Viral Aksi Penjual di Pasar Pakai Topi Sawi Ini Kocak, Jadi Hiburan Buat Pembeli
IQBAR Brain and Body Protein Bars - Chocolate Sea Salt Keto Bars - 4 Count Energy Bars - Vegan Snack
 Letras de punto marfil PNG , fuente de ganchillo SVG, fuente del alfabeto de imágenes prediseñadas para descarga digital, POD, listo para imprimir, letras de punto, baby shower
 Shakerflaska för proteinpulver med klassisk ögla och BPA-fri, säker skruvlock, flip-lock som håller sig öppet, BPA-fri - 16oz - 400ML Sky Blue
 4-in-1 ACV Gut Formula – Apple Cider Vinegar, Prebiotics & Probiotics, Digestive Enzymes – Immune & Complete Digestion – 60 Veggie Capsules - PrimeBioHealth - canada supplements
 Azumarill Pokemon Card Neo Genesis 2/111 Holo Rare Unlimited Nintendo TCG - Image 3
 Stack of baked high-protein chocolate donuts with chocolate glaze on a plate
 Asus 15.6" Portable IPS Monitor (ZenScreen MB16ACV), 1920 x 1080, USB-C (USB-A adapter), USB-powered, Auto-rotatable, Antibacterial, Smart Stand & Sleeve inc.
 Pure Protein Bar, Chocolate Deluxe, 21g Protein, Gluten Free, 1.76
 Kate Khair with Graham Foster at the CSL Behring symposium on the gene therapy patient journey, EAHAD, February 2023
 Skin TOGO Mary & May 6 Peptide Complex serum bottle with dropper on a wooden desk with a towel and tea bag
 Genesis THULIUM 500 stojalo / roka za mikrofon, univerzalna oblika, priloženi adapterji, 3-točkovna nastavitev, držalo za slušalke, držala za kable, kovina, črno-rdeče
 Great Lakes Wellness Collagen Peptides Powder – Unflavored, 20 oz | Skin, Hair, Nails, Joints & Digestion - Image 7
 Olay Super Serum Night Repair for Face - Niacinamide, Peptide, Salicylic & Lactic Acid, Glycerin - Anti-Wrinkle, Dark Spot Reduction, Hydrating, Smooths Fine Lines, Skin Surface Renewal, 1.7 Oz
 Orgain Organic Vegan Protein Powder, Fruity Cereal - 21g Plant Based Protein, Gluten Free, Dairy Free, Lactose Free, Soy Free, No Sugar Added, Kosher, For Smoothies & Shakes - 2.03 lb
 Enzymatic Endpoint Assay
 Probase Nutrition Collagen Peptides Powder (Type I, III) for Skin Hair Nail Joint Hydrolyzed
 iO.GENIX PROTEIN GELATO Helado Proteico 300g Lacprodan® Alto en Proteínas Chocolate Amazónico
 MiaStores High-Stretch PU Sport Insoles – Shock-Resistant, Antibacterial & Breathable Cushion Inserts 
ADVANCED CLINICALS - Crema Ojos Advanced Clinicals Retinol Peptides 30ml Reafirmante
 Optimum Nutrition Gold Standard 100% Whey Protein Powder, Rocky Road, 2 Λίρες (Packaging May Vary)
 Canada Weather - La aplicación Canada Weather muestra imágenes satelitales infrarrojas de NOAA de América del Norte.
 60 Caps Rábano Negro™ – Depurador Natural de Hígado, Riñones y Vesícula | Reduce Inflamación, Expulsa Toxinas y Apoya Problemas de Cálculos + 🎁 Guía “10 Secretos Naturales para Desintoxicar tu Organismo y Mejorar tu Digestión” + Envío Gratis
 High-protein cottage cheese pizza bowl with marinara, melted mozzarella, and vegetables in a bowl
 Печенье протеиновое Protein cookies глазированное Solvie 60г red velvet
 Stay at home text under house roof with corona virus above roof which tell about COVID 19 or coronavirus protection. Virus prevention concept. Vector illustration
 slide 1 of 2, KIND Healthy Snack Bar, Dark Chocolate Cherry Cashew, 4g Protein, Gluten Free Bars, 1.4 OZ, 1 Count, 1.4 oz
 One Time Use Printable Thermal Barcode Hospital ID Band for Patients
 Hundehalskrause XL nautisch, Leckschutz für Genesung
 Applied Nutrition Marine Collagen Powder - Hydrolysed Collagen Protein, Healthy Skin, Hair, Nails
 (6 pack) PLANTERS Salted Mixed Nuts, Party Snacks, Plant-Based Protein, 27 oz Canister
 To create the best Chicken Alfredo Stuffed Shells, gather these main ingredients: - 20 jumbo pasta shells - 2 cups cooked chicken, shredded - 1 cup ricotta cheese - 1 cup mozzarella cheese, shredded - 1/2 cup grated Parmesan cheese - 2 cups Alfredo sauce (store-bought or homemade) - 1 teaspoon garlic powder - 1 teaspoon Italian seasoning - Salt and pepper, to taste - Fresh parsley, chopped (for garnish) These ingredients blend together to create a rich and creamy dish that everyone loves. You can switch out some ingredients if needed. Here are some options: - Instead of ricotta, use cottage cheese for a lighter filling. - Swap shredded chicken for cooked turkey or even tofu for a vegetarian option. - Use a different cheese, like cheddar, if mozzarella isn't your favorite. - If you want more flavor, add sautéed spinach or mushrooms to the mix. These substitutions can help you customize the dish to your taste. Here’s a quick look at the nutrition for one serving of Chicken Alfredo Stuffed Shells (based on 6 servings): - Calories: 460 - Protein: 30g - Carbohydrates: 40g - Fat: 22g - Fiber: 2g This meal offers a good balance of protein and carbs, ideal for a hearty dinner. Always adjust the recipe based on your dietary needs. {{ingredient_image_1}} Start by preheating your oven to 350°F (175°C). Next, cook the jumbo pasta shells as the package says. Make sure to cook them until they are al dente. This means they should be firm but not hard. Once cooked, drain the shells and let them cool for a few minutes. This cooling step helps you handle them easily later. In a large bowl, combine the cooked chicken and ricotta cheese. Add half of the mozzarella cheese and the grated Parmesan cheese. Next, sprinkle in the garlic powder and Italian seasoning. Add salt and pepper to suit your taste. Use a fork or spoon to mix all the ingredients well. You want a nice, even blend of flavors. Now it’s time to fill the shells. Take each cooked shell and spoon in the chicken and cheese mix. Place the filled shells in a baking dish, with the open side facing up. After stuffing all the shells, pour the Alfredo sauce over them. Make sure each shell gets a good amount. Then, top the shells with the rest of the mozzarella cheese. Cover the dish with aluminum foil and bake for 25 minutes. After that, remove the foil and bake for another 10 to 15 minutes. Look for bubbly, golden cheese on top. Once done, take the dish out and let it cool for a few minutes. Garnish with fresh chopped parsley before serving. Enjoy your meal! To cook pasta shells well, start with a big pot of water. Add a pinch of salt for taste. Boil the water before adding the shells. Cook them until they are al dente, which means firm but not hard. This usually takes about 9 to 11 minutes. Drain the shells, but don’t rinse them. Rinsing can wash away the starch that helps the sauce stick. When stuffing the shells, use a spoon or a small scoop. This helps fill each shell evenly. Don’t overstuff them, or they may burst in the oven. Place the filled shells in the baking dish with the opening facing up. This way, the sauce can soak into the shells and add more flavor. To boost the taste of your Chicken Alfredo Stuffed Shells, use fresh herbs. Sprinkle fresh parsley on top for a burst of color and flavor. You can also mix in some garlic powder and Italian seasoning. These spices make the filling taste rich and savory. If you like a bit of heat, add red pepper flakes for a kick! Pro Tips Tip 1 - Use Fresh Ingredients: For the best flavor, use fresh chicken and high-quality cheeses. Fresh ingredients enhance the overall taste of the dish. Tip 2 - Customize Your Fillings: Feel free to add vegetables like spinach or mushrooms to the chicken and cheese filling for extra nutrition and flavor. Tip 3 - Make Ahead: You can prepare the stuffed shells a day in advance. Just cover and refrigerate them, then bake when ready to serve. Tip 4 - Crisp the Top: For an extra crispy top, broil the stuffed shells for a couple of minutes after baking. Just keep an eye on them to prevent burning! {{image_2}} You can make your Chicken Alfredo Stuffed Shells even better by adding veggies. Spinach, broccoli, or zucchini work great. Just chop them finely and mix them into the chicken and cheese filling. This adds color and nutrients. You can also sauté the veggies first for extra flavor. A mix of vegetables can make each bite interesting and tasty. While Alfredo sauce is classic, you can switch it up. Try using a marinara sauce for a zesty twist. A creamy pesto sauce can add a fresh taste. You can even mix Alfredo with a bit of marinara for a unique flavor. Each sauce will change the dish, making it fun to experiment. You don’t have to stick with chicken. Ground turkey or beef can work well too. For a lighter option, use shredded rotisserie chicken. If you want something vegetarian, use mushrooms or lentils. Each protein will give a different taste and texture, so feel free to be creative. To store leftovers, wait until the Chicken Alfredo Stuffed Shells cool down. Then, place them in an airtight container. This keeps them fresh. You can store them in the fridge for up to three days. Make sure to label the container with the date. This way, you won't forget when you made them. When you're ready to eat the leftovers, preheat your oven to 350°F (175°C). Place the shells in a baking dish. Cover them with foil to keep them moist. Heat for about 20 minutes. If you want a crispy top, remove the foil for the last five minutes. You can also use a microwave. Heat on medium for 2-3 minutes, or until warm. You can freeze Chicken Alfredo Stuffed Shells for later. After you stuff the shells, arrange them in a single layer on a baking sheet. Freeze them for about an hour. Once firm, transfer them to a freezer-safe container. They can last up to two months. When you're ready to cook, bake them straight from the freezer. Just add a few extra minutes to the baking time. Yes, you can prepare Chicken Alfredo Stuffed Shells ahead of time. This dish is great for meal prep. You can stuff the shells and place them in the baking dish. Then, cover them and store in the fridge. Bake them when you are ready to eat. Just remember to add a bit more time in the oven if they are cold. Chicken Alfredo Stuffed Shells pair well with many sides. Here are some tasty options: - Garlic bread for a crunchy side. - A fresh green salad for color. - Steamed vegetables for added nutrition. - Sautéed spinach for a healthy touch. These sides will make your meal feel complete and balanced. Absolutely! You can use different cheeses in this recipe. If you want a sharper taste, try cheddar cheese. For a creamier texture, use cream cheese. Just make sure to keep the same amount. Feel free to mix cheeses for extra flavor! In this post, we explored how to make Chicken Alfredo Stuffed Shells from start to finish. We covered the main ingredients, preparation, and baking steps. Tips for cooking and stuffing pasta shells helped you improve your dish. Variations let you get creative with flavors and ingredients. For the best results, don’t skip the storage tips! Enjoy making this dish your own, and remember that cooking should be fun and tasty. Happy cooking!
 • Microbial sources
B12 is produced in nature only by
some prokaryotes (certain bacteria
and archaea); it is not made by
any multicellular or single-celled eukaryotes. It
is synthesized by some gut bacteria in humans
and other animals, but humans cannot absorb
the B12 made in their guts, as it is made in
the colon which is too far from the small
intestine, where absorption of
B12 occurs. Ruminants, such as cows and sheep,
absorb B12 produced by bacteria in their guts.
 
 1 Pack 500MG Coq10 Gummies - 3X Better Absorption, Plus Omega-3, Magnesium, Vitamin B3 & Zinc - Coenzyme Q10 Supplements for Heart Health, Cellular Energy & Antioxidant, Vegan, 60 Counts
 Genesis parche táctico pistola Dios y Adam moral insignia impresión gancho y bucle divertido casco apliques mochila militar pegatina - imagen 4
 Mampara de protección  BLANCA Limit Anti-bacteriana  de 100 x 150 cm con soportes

**What is expected**
Each line from the first line of the listing through the line containing "Letras de punto marfil" must be set down exactly; no other line belongs in the answer.

**Exercise result**
Viral Aksi Penjual di Pasar Pakai Topi Sawi Ini Kocak, Jadi Hiburan Buat Pembeli
IQBAR Brain and Body Protein Bars - Chocolate Sea Salt Keto Bars - 4 Count Energy Bars - Vegan Snack
 Letras de punto marfil PNG , fuente de ganchillo SVG, fuente del alfabeto de imágenes prediseñadas para descarga digital, POD, listo para imprimir, letras de punto, baby shower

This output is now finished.